The Intermediate Representation (IR) is the language-agnostic computation graph that sits between formula compilation and backend execution. Every feature — whether defined by a formula string or legacy steps — resolves to a DAG of IRNode objects. The IR is frozen, validated, and backend-neutral.


Computation Primitives

Every IRNode is classified into one of 6 primitives. The primitive determines how the node executes — its data access pattern, state requirements, and execution model.

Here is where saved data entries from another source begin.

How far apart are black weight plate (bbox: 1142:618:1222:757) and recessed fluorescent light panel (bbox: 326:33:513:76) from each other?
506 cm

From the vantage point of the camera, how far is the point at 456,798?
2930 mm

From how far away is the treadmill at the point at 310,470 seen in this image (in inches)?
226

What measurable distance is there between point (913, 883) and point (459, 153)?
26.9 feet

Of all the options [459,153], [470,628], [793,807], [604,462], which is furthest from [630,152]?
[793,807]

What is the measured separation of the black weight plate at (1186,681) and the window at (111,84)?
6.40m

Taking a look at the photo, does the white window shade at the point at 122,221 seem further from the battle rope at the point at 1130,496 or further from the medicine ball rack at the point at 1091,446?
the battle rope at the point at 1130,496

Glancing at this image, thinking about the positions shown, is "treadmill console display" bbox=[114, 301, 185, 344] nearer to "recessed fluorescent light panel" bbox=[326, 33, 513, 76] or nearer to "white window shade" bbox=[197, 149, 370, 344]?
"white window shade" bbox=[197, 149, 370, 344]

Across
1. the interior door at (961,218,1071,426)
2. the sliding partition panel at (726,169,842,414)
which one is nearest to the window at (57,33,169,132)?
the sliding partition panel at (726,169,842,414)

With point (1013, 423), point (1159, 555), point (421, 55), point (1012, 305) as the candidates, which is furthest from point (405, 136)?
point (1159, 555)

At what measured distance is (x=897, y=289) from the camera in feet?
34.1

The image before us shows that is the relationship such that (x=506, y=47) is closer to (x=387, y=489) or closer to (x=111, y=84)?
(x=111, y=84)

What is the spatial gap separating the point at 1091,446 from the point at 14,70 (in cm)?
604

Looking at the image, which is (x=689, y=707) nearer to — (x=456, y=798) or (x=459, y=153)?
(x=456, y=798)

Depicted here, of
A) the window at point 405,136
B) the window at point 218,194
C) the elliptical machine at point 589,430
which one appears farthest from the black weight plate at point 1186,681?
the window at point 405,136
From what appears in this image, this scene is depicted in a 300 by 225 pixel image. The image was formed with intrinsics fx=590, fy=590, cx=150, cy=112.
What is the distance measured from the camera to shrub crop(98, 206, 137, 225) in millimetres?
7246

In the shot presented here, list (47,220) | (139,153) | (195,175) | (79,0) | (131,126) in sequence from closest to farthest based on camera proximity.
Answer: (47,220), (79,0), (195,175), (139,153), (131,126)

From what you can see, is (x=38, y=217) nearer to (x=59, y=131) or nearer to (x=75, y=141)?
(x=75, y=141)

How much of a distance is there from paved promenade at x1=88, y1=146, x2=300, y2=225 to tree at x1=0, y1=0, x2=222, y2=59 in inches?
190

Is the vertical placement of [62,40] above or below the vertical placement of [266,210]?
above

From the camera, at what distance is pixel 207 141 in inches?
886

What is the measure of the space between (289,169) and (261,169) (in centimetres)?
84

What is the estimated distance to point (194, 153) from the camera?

PrimitiveRoleExecution ModelExample
SOURCEData input boundaryReads from external tablecdm_trade_enriched, cdm_time_bars
TRANSFORMSingle-row statelessEach output row depends only on current input rowa + b, sign(x), abs(x)
WINDOWFixed-size trailing windowEach output row depends on last N input rowsrolling_mean(close, 20), diff(price, 1)
STATECumulative across all prior rowsEach output row depends on all prior input rowsema(price, 0.94), cumsum(ofi, 0)
EVENTEvent-driven triggerReserved for barrier/condition-triggered computationThreshold crossing, barrier hit
SINKData output boundaryMarks final output columnexport

Key properties:

  • TRANSFORM is stateless and trivially parallelizable — each row is independent.
  • WINDOW requires a fixed lookback (e.g., last 20 rows) and is the workhorse of feature computation.
  • STATE has unbounded memory — it accumulates across the entire history. This is the most expensive primitive but necessary for EMA, cumulative sums, and decay accumulators.
  • EVENT is reserved for future event-driven triggers — computation gated by a barrier condition rather than a fixed window.
  • SOURCE and SINK are DAG boundary markers — they don't compute anything, they demarcate where data enters and exits the graph.

IRNode

An IRNode is a frozen (immutable) dataclass representing one computation step:

@dataclass(frozen=True)
class IRNode:
id: str # Unique node identifier in the DAG
primitive: Primitive # One of: SOURCE, TRANSFORM, WINDOW, STATE, SINK
op: str # Operation name: "rolling_mean", "add", "sign", ...
params: Dict[str, Any] # Resolved parameters: {"window": 20, "column": "close"}
inputs: Dict[str, str] # Role → upstream node ID: {"lhs": "node_3", "rhs": "node_5"}
output: Optional[str] # Output column name
output_schema: Optional[Dict] # Expected output column types
input_schema: Dict[str, str] # Expected input column types
stage_label: Optional[str] # Logical grouping label
partition_keys: List[str] # Group-by keys (default: ["symbol"])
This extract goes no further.